A pensioner is making an emotional pilgrimage to Libya to commemorate the life of his brother who died when a Royal Navy battleship was sunk by enemy mines during the Second World War.

Harold Mason, aged 81, of Oakdene, Stourport-on-Severn, will travel to Tripoli on Tuesday to help preserve the memory of those who lost their lives on board HMS Neptune on December 19, 1941.

His 18-year-old brother, William, an Ordinary Seaman, was one of 764 officers and men serving on the ship, which was part of a group of vessels called K-Force, tracking an Italian convoy off the coast of Tripoli. Only one of the crew survived the disaster and another 73 men on board the destroyer, HMS Kandahar, died when it also hit a mine as it attempted to rescue sailors from the stricken ship.
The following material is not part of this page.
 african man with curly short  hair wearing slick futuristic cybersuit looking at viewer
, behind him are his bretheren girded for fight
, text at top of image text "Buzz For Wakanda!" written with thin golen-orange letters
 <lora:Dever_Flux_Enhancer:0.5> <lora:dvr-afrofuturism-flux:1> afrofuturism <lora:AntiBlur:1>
Mr Mason was a Bevin Boy during the war, working at a coalmine in Alveley and living in Brinton Crescent in Kidderminster. He said his parents, John and Emma, were devastated by the news.
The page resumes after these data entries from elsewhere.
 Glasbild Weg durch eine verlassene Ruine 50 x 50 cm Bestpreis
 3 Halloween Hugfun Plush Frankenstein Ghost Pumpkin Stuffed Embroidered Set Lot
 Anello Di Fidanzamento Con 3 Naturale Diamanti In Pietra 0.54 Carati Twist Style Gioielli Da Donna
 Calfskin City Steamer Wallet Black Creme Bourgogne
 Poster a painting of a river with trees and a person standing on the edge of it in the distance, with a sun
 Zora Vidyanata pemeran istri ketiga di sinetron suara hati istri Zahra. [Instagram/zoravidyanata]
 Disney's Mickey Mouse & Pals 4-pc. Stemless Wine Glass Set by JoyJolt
He said : "It was a hard time. My mother kept faith that he would return right until the end of the war, when all the prisoner-of-war camps were being emptied. I walked into the house one day and she just said to me, Your brother isn't coming back'."

Mr Mson said joining the Navy was a lifelong ambition for William, known by all his friends and family as Bill.
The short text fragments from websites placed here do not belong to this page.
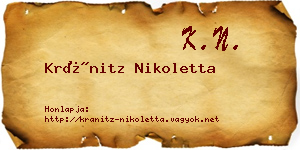 Kránitz Nikoletta névjegykártya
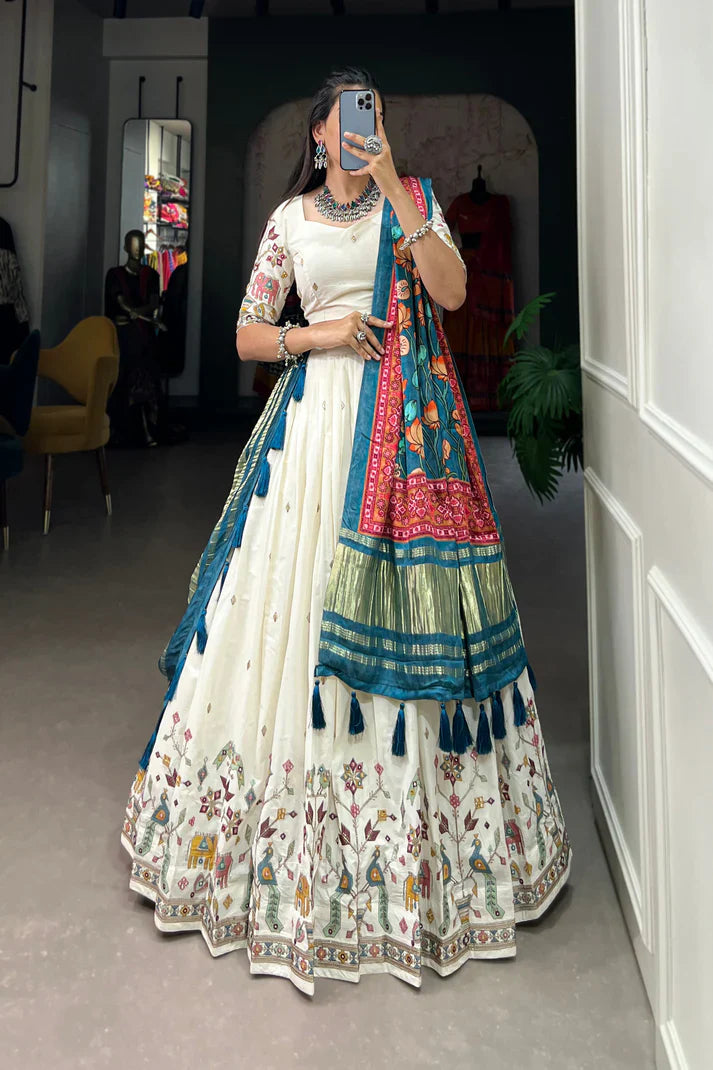 Khadi Cotton Lehenga Set with Sequins & Thread Embroidery and Gaji Silk Dupatta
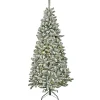 Best National Tree Company Artificial Snowy Chatham Slim Hinged Christmas Tree, Pre-Lit With Powerconnect Dual Colored Led Lights, Plug In, 7.5 Ft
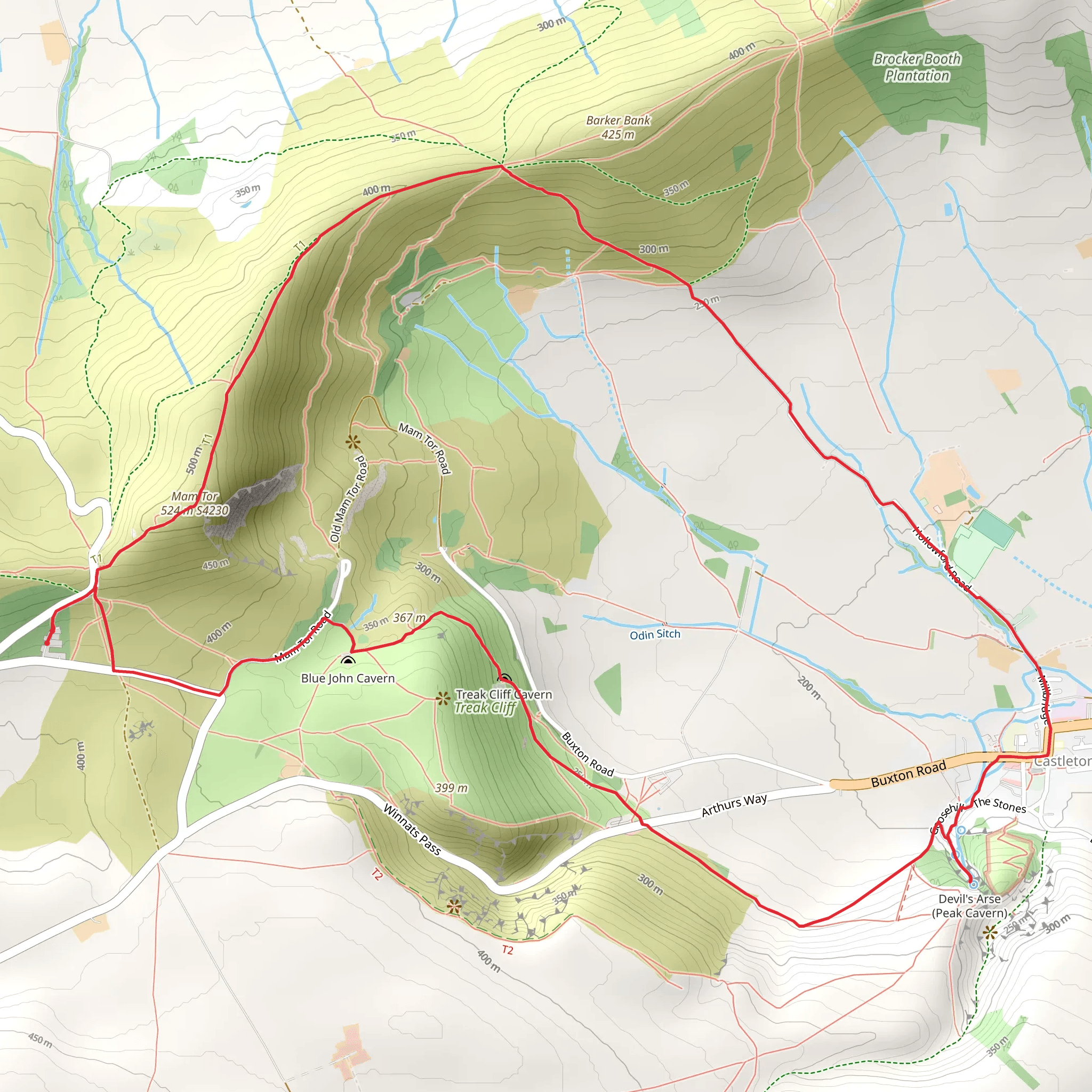 Mam Tor, Peak Cavern and Blue John Cavern Loop mobile static map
He said: "All his life, he had been mad to go in the Navy. He kept pestering my mum and dad. After he left school, he went to work at Naylor's in Green Street but he still kept on saying he wanted to go in the Navy so they paid for him to go to the Lancashire and National Sea Training School in Birkenhead."

After three year's training, William was posted to Douglas on the Isle of Man before joining HMS Neptune based in Malta.

Mr Mason will trace some of his footsteps when he travels to Tripoli and Malta with his daughter Susan, 56, son-in-law Stephen, 58, grandson Neil, 32, and members of the Neptune Association, which was set up in 2002 in memory of those who died.

Members will lay flowers and messages at the believed location of HMS Neptune at sea and will visit the Tripoli War Cemetery. A memorial to the two ships will also be dedicated in Malta.